Omit every picture, and retype the lines that run from the beginning of the data below through the line containing "2017 Toyota Highlander", inclusive.

=== DATASET CONTENT ===

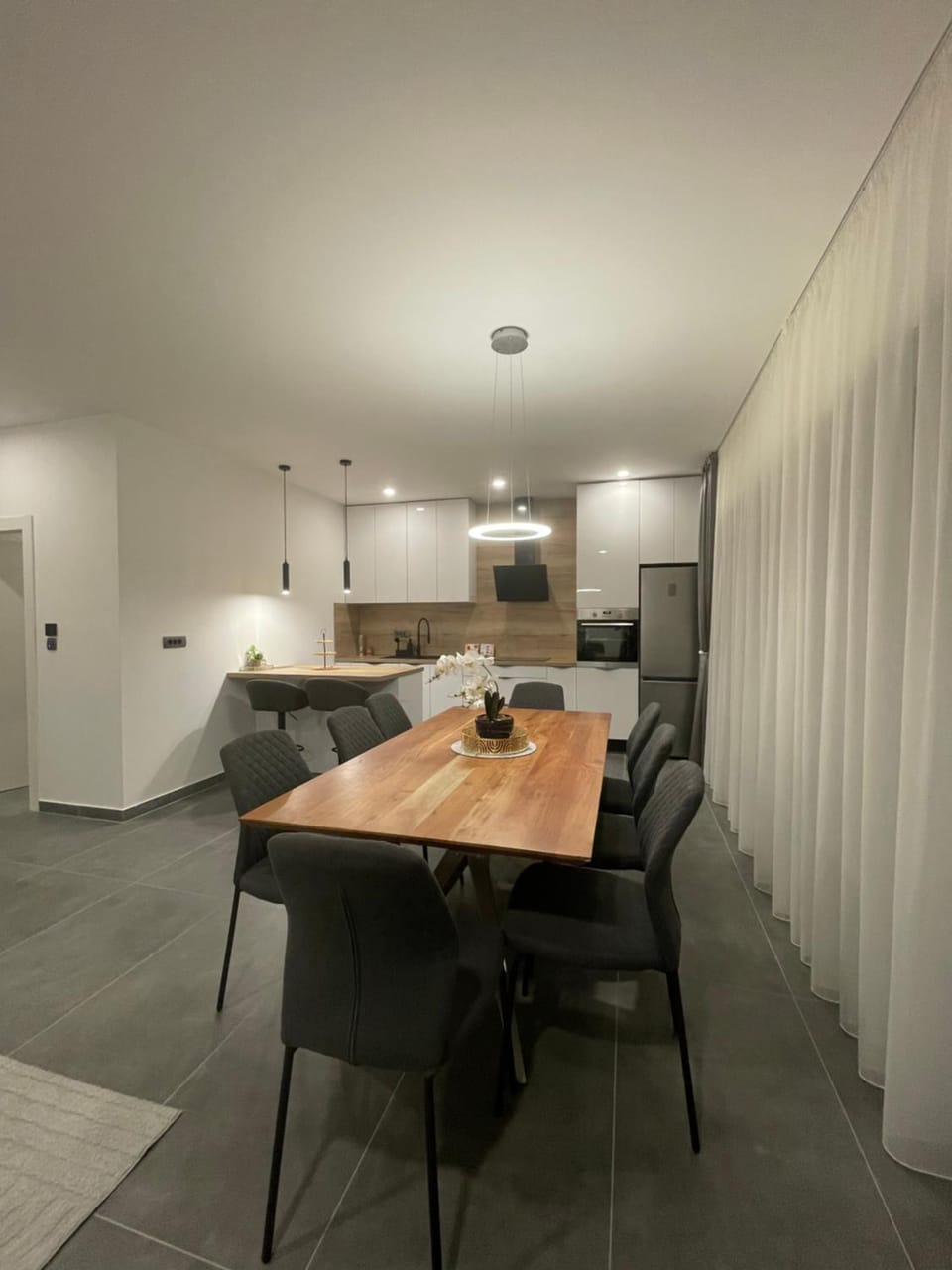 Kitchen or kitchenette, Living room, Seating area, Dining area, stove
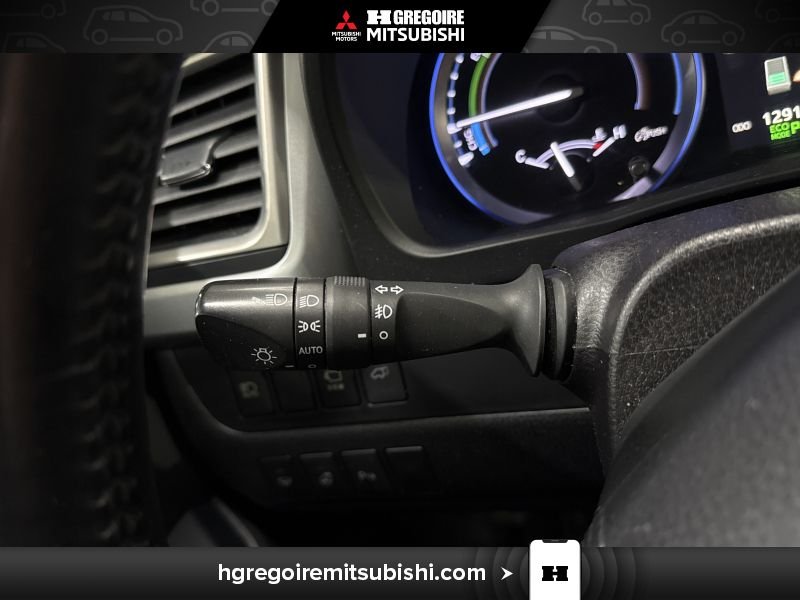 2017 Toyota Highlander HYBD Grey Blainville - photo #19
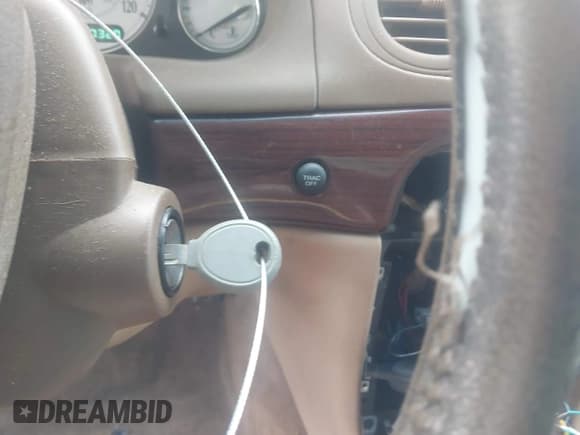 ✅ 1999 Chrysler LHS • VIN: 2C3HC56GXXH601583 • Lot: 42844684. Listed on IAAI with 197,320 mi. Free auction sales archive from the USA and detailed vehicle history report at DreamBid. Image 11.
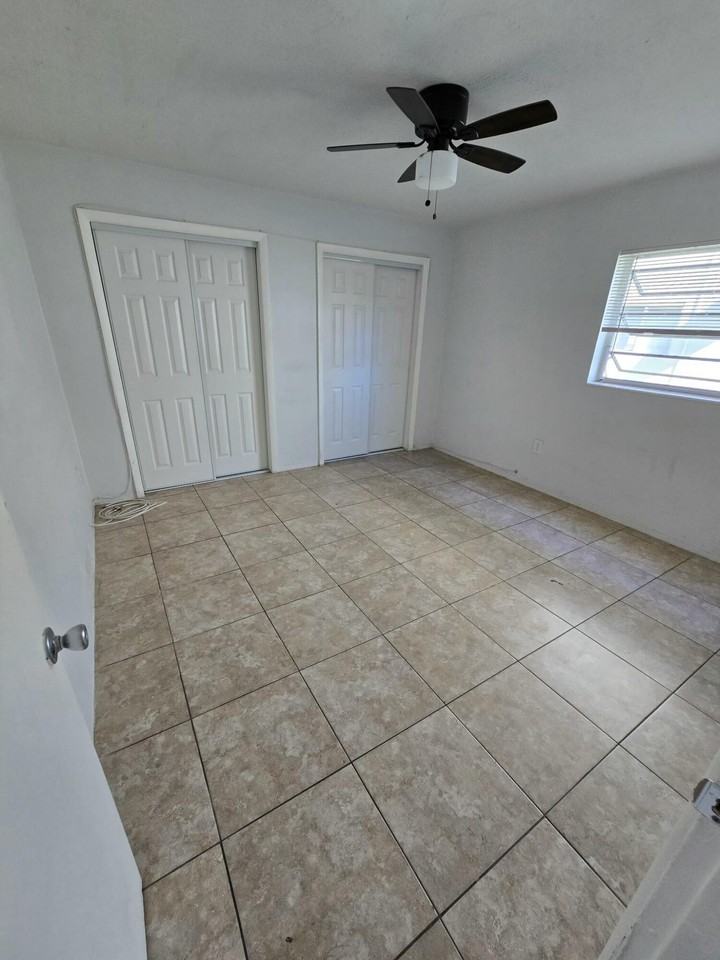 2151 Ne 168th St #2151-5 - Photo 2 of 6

===

OUTPUT OF THE EXERCISE:
 Kitchen or kitchenette, Living room, Seating area, Dining area, stove
 2017 Toyota Highlander HYBD Grey Blainville - photo #19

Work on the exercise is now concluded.